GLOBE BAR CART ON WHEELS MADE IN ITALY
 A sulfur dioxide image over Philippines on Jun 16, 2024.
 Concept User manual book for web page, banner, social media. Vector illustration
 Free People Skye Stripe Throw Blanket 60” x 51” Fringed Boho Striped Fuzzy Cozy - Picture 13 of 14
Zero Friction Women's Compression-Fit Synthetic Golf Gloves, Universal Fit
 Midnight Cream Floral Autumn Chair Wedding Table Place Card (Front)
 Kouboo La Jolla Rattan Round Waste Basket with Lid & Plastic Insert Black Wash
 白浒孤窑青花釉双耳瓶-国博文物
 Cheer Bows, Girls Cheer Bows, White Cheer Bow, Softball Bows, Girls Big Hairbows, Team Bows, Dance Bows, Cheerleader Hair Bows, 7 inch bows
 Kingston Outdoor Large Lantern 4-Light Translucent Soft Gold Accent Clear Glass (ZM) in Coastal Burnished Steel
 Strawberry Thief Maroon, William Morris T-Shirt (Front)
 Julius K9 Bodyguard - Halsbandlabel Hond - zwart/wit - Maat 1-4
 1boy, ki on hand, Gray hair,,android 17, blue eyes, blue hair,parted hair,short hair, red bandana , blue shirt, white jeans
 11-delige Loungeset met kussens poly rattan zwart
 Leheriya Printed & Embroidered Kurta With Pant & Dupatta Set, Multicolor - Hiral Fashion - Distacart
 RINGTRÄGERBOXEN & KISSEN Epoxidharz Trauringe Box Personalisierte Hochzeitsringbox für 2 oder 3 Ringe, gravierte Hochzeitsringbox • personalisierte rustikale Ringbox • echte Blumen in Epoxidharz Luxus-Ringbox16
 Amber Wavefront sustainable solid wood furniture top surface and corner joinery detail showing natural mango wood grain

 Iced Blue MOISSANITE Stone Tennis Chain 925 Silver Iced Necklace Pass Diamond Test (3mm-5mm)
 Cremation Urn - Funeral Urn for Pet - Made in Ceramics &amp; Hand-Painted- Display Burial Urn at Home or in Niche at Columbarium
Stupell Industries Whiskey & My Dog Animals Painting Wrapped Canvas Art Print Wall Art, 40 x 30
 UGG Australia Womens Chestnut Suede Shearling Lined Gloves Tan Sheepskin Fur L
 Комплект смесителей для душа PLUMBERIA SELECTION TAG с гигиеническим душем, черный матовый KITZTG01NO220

..............................

◆ **Task**
Restate, word for word and with nothing added, the lines from the first line of the listing through the one where "Free People Skye" stands.

◆ **Expected output**
GLOBE BAR CART ON WHEELS MADE IN ITALY
 A sulfur dioxide image over Philippines on Jun 16, 2024.
 Concept User manual book for web page, banner, social media. Vector illustration
 Free People Skye Stripe Throw Blanket 60” x 51” Fringed Boho Striped Fuzzy Cozy - Picture 13 of 14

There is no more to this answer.